Ce soir, les crêteux ont un goût amer dans la bouche, pas celui de la bière, mais un goût d'inachevé. Ce soir on fête le dernier concert de l'Urban Chaos. Evidemment l'Urban n'était pas un lieu très "public" mais c'était un des rares lieux programmant des groupes venus de partout dans le monde, il n'était pas rare d'y trouver sur scène des musiciens venant des Etats-Unis, d'Angleterre, d'Allemagne ou autres pays. Presque toujours une programmation assurée de faire le plein. Malédiction lilloise, encore un lieu de concert qui ferme ses portes. Sûr qu'on retrouvera le Sieur Casquette aux commandes d'un autre lieu dans un proche avenir.

Premiers à ouvrir le bal, Bomb'X de Boulogne-sur-Mer, mélange de punk et hardcore avec deux chanteurs, un crêteux et un "casquetteux". Gros son, textes scandés au coeur même de la foule, la parfaite machine pour lancer le Grand Pogo.

On monte d'un cran avec les Corons Puent et leur "Oï Lilloise". Ambiance working class anglaise qui me rappellent les pérégrinations brittones de mon adolescence. On est en plein dans le cinéma anglais de Ken Loach, sauf qu'on est en France, n'empêche que l'Urban, ce soir-là avec les Corons Puent, se mue en pub anglais.

Les parisiens de Bad Lieutnants tirent leur nom d'un film d'Abel Ferrara, l'histoire d'un flic tox et ripoux qui finira par trouver la rédemption après avoir sondé les tréfonds de l'enfer. Ce soir, l'enfer est dans la salle, la sueur coule, les pogos se font de plus en plus soutenus. Les Bad Lieutnants attaquent avec le Sonic Reducer des Dead Boys et enchaînent les morceaux la poignée au taquet. Ils ne relâcheront la pression qu'après un set intense et physique.

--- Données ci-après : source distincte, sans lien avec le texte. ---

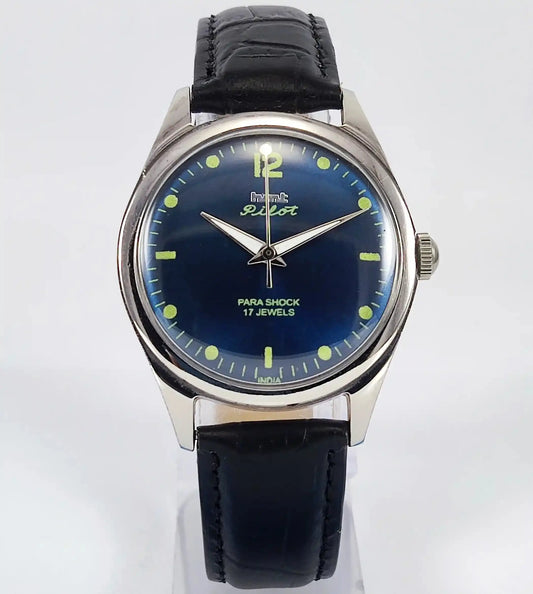 HMT Pilot Para Shock 17 Jewels Blue Dial Mechanical Handwinding Discover-Diamonds Physical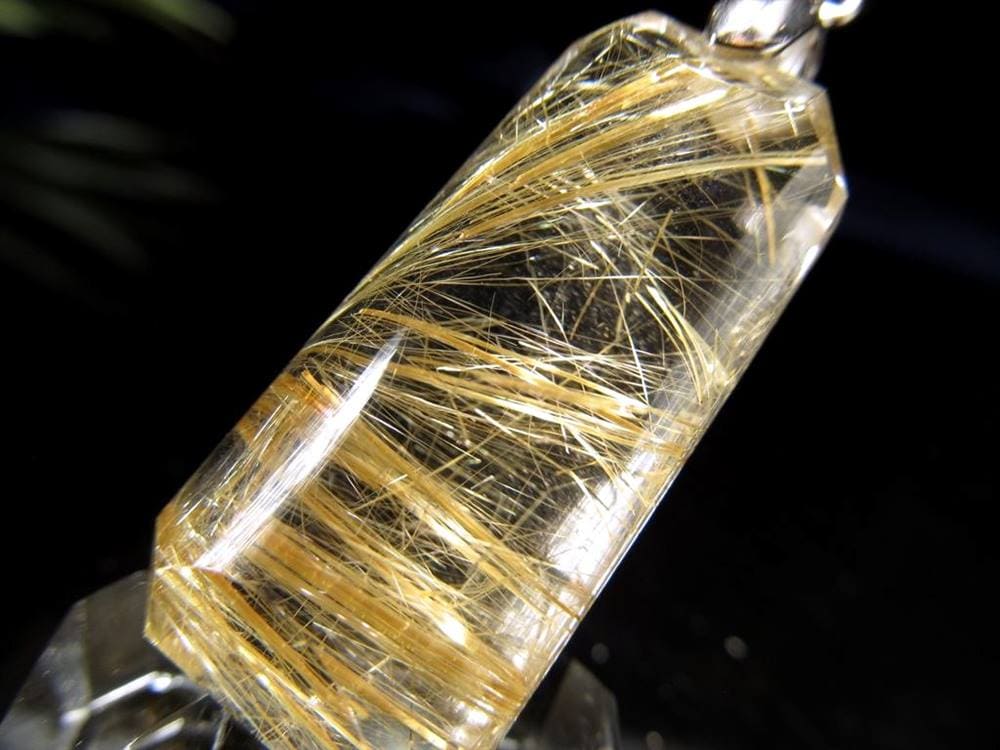 ゴールドルチルクォーツ ペンダントトップ 金針水晶 カボション ルチレイテッドクォーツ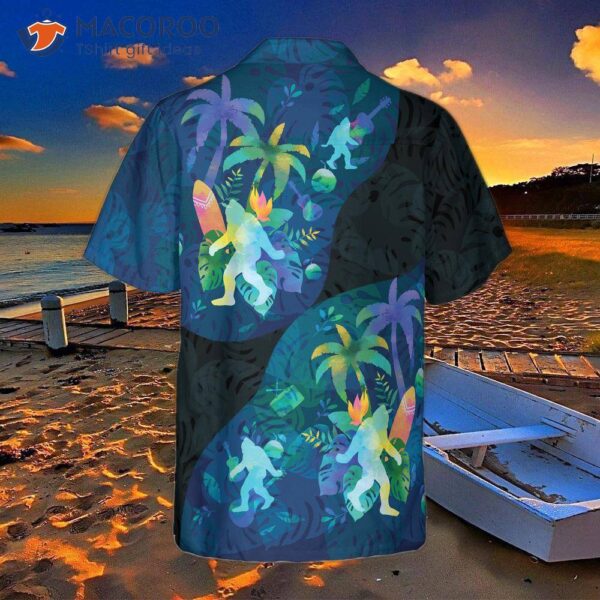 Artistic Summer Bigfoot Hawaiian Shirts For , Black And Blue Sasquatch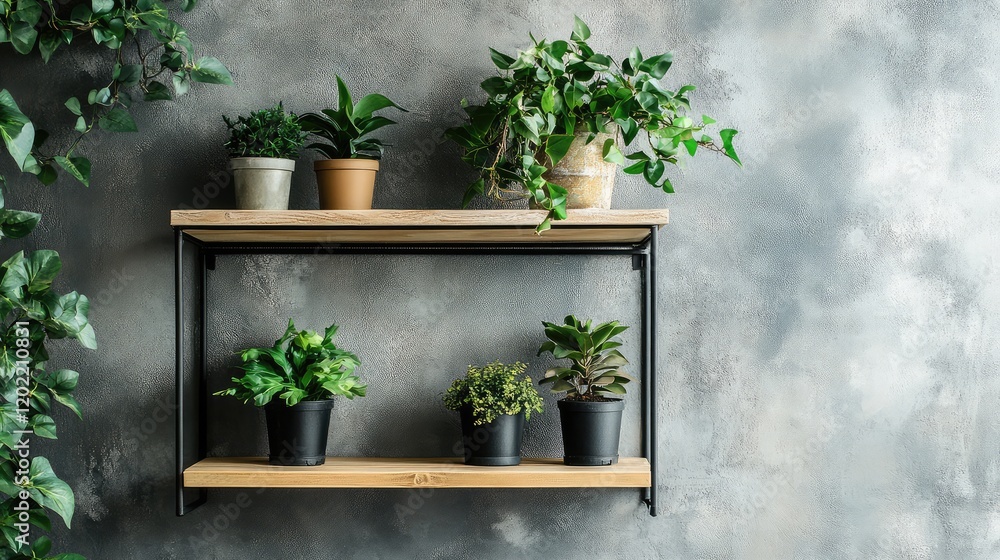 Aufkleber modern wooden shelf displaying various potted indoor plants against a textured gray wall with greene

De plus en plus violent dans le cinéma avec Lower Class Brats d'Austin, Texas, ville plus réputée pour ses bluesmen que sa scène punk. Eux, c'est au Orange Mécanique de Stanley Kubrick qu'ils se réfèrent. Bassiste et batteur déguisés en droogs et chanteur et guitariste au look métalleux, c'est du bon punk à l'ancienne, joué vite façon Ramones (ils reprennent d'ailleurs le Beat on the Brat). Ça devient de plus en plus dingue dans la salle, je suis obligé de me réfugier sur un coin de scène pour éviter les corps qui volent lors du pogo d'enfer. Ce n'est d'ailleurs qu'après un long rappel qu'il quitteront la scène, laissant devant eux le spectacle de corps anéantis par la danse des crêtes Mohawks.

Voilà, l'Urban Chaos a vécu son dernier concert, intense. La scène punk continuera à vivre sur Lille, sûr que d'autres lieux prendront le relais.